Just a quick blog post today. As a bit of a side project at work I have been looking into medical service provider deserts. Most people simply use a geographic cutoff of say 1 mile (see Wissah et al., 2020 for example for Pharmacy deserts). Also for CJ folks, John Hipp has done some related work for parolees being nearby service providers (Hipp et al., 2009; 2011), measuring nearby as 2 miles.
So I wrote some code to calculate nice sequential buffer areas and dissolve them in geopandas. Files and code to showcase are here on GitHub. First, as an example dataset, I geocode (using the census geocoding API) CMS certified Home Healthcare facilities, so these are hospice facilities. To see a map of those facilities across the US, and you can click on the button to get info, go to here, CMS HOME FACILITY MAP. Below is a screenshot:
Next I then generate sequential buffers in kilometers of 2, 4, 8, 16, and then the leftover (just for Texas). So you can then zoom in and darker areas are at a higher risk of not having a hospice facility nearby. HOSPICE DESERT MAP
Plotting some of these in Folium were giving me fits, so I will need to familiarize myself with that more in the future. The buffers for the full US as well were giving me trouble (these just for Texas result in fairly large files, surprised Github doesn’t yell at me for them being too big).

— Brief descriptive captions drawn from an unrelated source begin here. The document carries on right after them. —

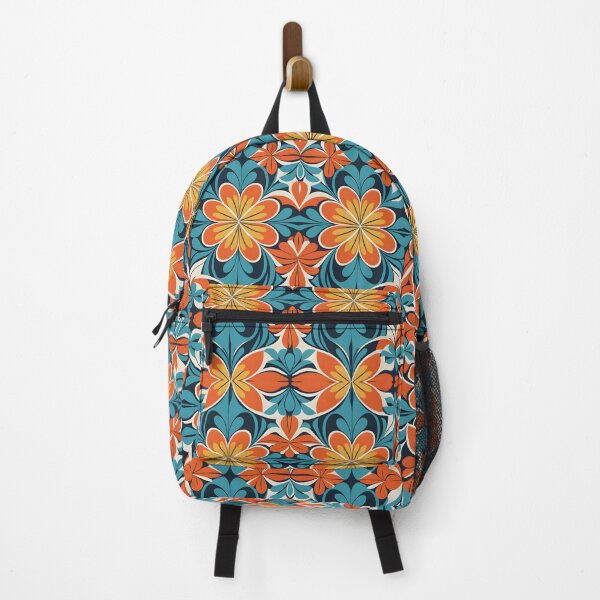 Item preview, Cottage Core  Mid Century Modern Flower Pattern Orange, Cyan  #2 designed and sold by Prints and Lifestyle.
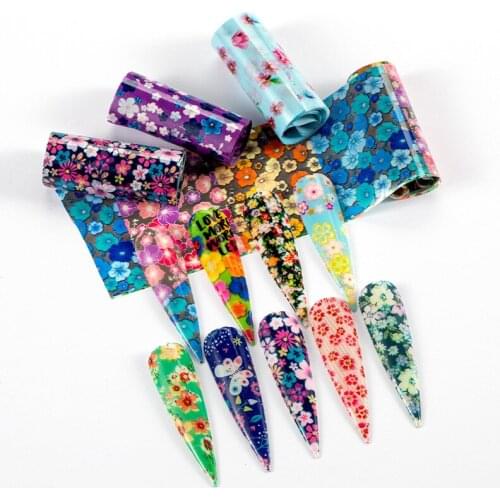 16pcs Retro Nail Foil for Manicure UV Gel Polish Sticker Colorful Flowers \ Design Adhesive Decal Nail Art Decoration Wraps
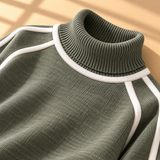 Thea Piped-Trim Raglan Roll-Neck Jumper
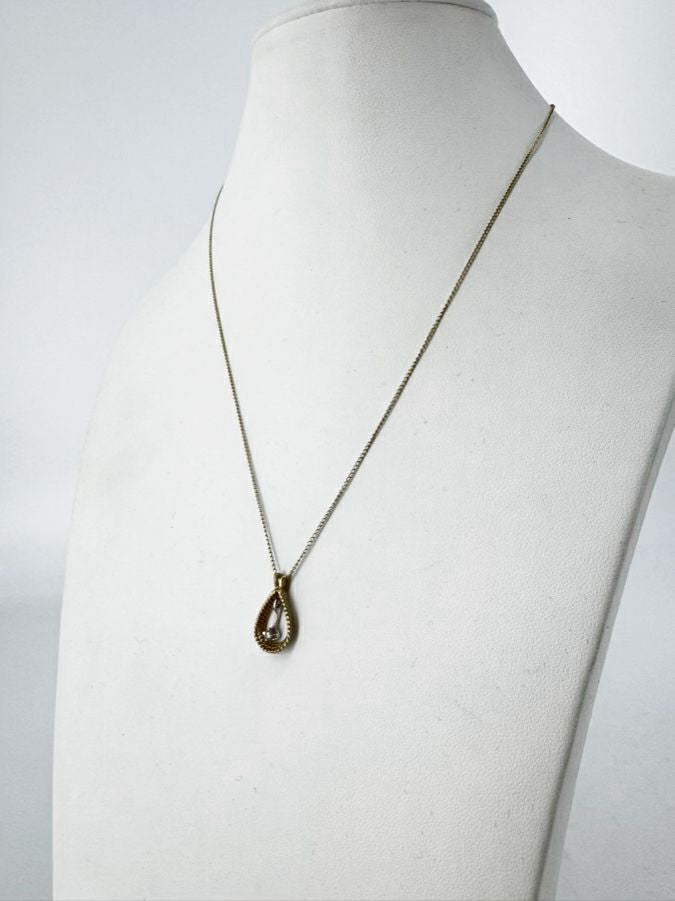14K Diamond Teardrop Necklace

Going forward, what I want to do is instead of relying on a fixed function of distance, is to fit a model to identify individuals probability of going to the doctor based on distance. So instead of just saying 1+ mile and you are at high risk, fit a function that defines that distance based on behavioral data (maybe using insurance claims). Also I think the distances matter quite a bit for urban/rural and car/no-car. So rural folks traveling a mile is not a big deal, since you need a car to really do anything in rural areas. But for folks in the city relying on public transportation going a mile or two is a bigger deal.
The model then would be similar to the work I did with Gio on gunshot death risk (Circo & Wheeler, 2020), although I imagine the model would spatially vary (so maybe geographically weighted regression may work out well).
References
- Circo, G. M., & Wheeler, A. P. (2020). Trauma Center Drive Time Distances and Fatal Outcomes among Gunshot Wound Victims. Applied Spatial Analysis and Policy, Online First.
- Hipp, J. R., Jannetta, J., Shah, R., & Turner, S. (2009). Parolees’ physical closeness to health service providers: A study of California parolees. Health & Place, 15(3), 679-688.
- Hipp, J. R., Jannetta, J., Shah, R., & Turner, S. (2011). Parolees’ physical closeness to social services: A study of California parolees. Crime & Delinquency, 57(1), 102-129.
- Wisseh, C., Hildreth, K., Marshall, J., Tanner, A., Bazargan, M., & Robinson, P. (2020). Social Determinants of Pharmacy Deserts in Los Angeles County. Journal of Racial and Ethnic Health Disparities, Online First.
Andrew Wheeler 
Jeff Boggs
/ January 29, 2021I had students work on an assignment where they examined the claims that there was a dental desert in Ontario, and subsidary claims that it was associated with some combination of rurality, low-income or visible minorities. I don’t know if I will use the assignment this year, but if I do, I will point my students toward this blog post for inspiration (to a point; we are using QGIS).
apwheele
/ January 29, 2021I actually found a better file that is more comprehensive in terms of CMS certified providers (so only US). The NPI registry, https://download.cms.gov/nppes/NPI_Files.html or https://npiregistry.cms.hhs.gov/. You can subset by more specializations from that data file, so can do things like pharmacies, drug treatment, etc.
I will need to do a blog post about geocoding that data in the near future.